## EXERCISE
Give the entries again exactly as they appear, but without the images.

## Captioned web images
↓
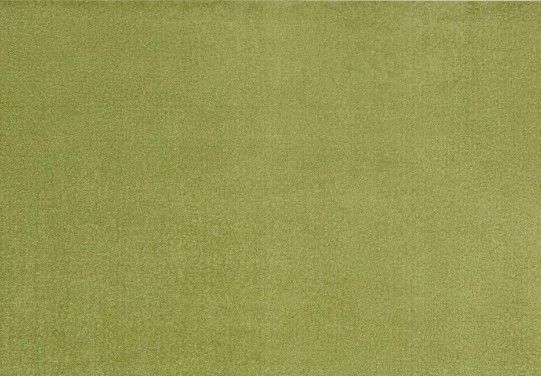 Nourison Home™ Nourison Essentials Green 5'x7' Area Rug-1
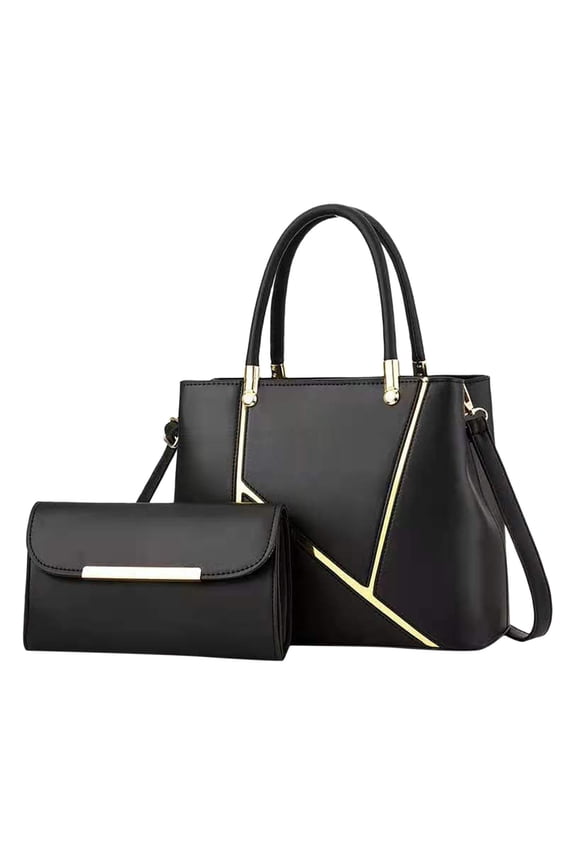 Womens Purses and Handbags Shoulder Crossbody Top Handle Satchel Messenger Tote Bags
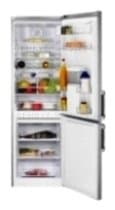 Ремонт холодильника BEKO CN 136220 DS на дому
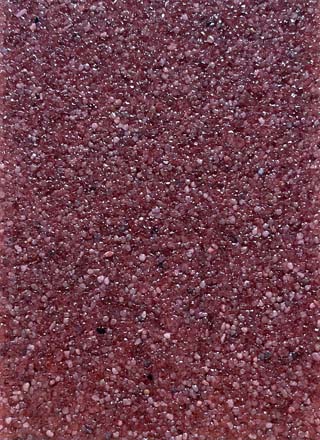 Granulat de mortier, coloris PRGMO-466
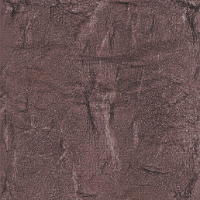 Rock Faces Series - A Texture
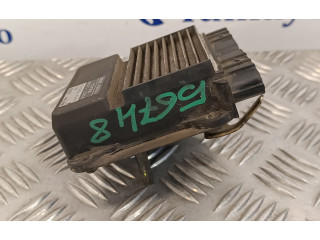 Блок управления 8987120050, 1310001261 Toyota Corolla Verso AR10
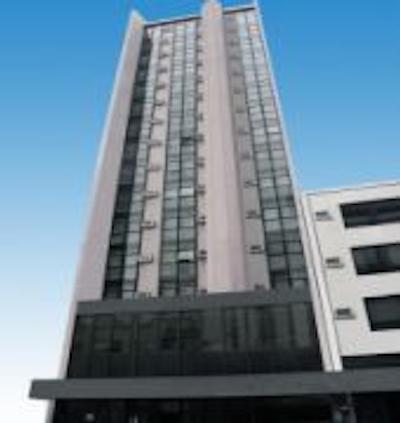 روچل کرپرات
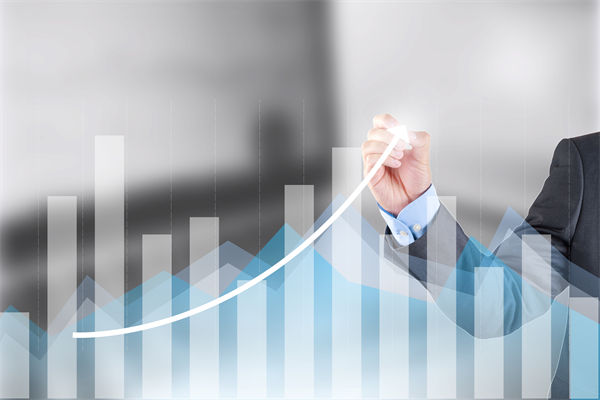 如何憑這份年度經營計劃，讓企業明年業績翻倍？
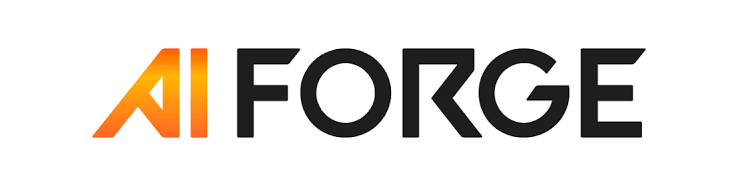 AI Forge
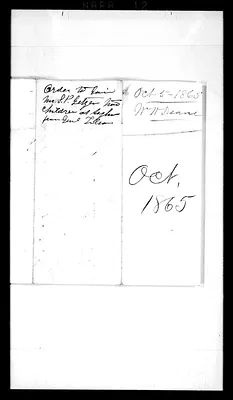 p. 11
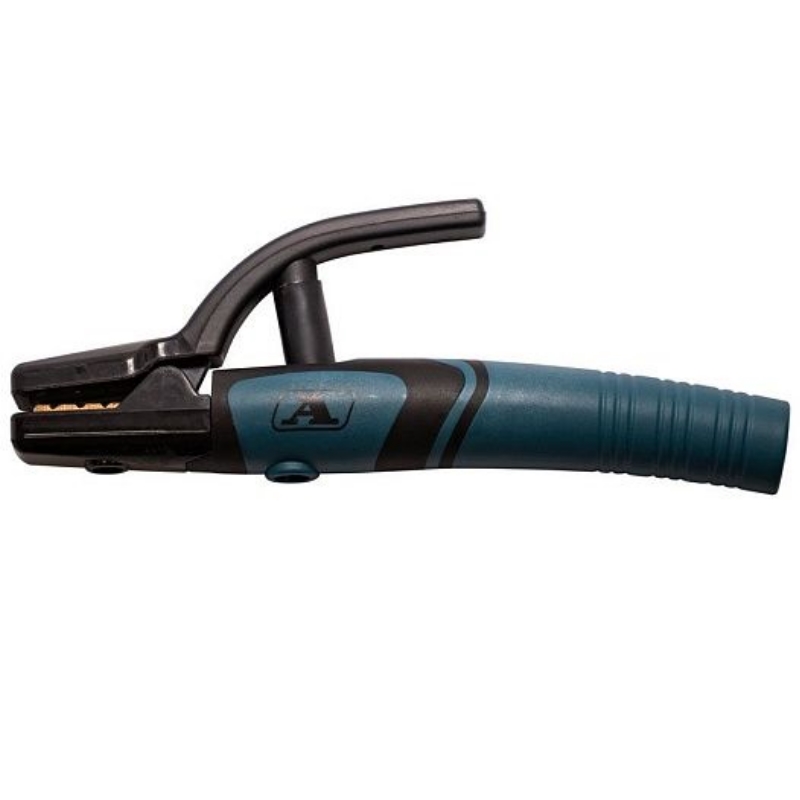 Держатель электродов Aurora ERGO 300 34066 35-50mmq 621₽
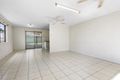 Property photo of 95 Alchera Drive Mossman QLD 4873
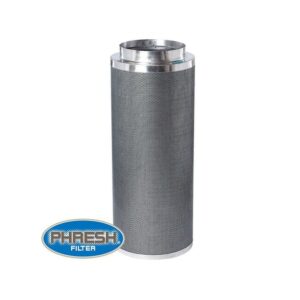 phresh-filter-250x850mm-2200m3-h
↑
## EXPECTED OUTPUT
 Nourison Home™ Nourison Essentials Green 5'x7' Area Rug-1
 Womens Purses and Handbags Shoulder Crossbody Top Handle Satchel Messenger Tote Bags
 Ремонт холодильника BEKO CN 136220 DS на дому
 Granulat de mortier, coloris PRGMO-466
 Rock Faces Series - A Texture
 Блок управления 8987120050, 1310001261 Toyota Corolla Verso AR10
 روچل کرپرات
 如何憑這份年度經營計劃，讓企業明年業績翻倍？
 AI Forge
 p. 11
 Держатель электродов Aurora ERGO 300 34066 35-50mmq 621₽
 Property photo of 95 Alchera Drive Mossman QLD 4873
 phresh-filter-250x850mm-2200m3-h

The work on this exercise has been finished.